● WORK ITEM:
Would you print, word for word, only the lines running from the line with "this 800×600 image." to the last line of the entries, without the pictures?

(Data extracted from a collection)

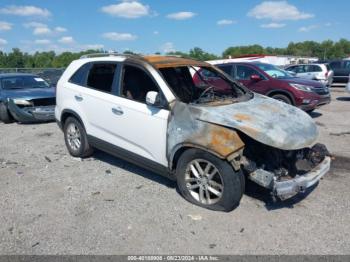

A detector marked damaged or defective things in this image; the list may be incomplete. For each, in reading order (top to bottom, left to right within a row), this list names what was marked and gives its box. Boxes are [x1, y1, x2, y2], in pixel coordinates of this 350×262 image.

burned front end [7, 97, 56, 124]
damaged hood [191, 94, 318, 149]
burned front end [241, 134, 330, 200]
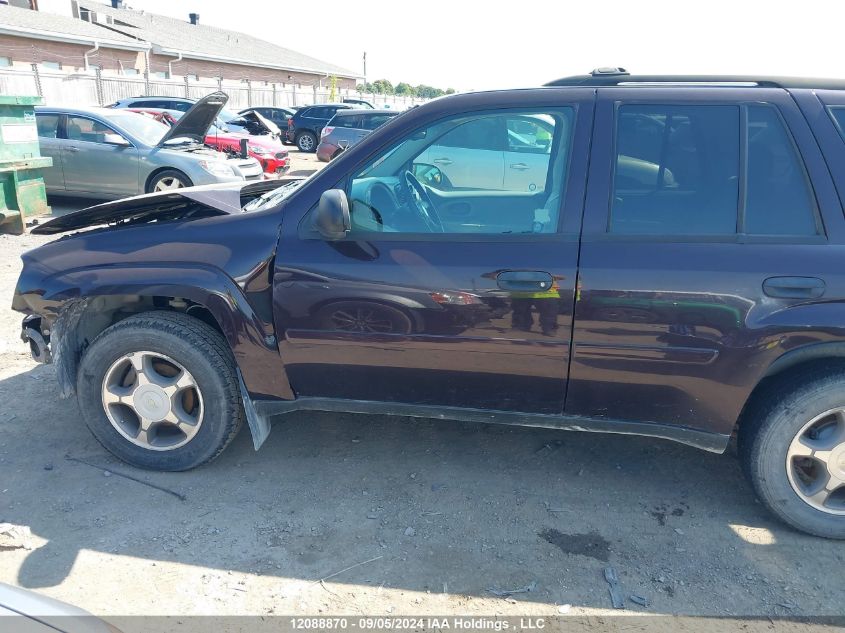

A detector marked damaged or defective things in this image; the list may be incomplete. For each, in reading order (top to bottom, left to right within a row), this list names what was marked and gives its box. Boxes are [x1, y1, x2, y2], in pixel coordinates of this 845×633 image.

damaged dark suv [13, 70, 845, 540]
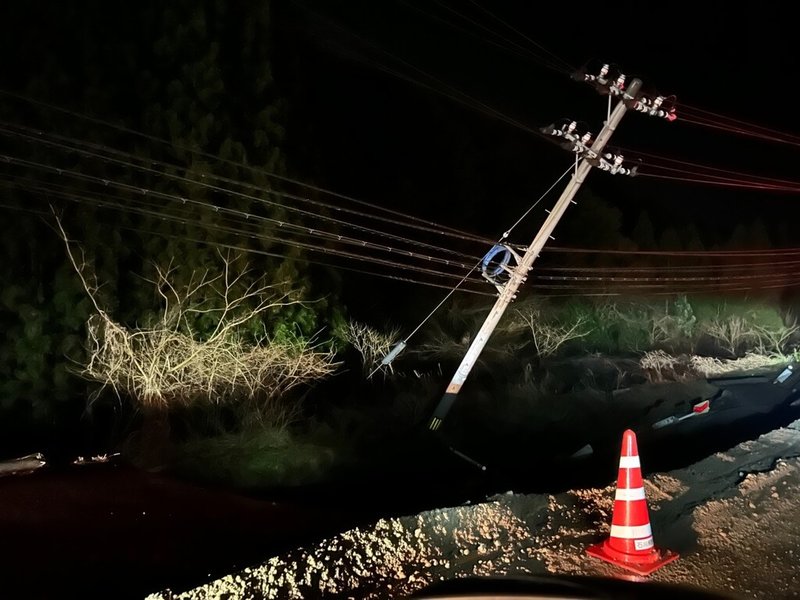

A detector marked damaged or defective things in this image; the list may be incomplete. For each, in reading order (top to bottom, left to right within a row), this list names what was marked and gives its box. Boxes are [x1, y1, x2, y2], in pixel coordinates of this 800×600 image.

damaged road surface [147, 420, 800, 600]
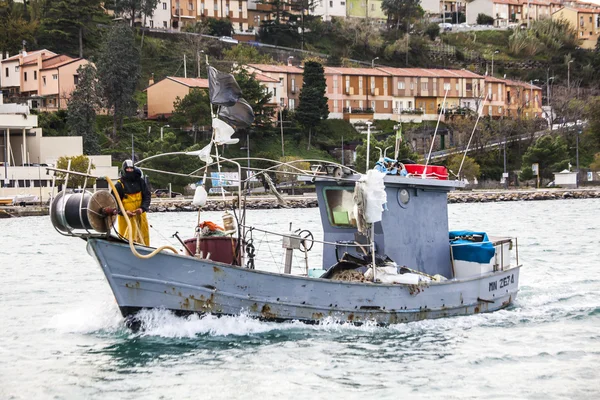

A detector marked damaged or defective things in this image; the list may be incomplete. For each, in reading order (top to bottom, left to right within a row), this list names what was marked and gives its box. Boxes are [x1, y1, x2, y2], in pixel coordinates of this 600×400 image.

rusty hull [86, 239, 516, 326]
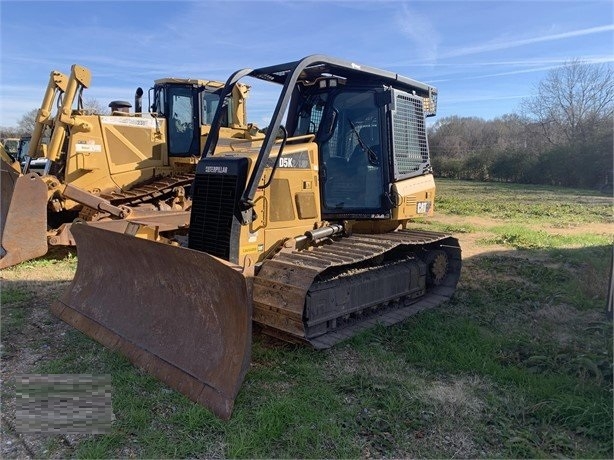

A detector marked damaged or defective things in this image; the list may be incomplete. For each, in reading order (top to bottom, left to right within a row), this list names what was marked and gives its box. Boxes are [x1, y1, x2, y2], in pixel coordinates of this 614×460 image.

● FINISHED TASK:
A detector marked damaged or defective things in this image; the list may be incomplete. For each, in reading order (top to bottom, left to right within a row), this list names what was marked and gives its box. Boxes are [x1, y1, x2, y2], in pixel coordinates of this 800×600 image.

damaged road surface [147, 420, 800, 600]

A detector marked damaged or defective things in this image; the list may be incomplete. For each, in reading order (top to bottom, left to right within a row), this list names what was marked and gives its box. Boxes are [x1, y1, x2, y2], in pixel coordinates of this 600×400 image.

rusty hull [86, 239, 516, 326]

A detector marked damaged or defective things in this image; the list may be incomplete. For each, in reading order (top to bottom, left to right within a row), this list names what was marked and gives its box. Boxes are [x1, y1, x2, y2], in pixel coordinates of this 614×460 image.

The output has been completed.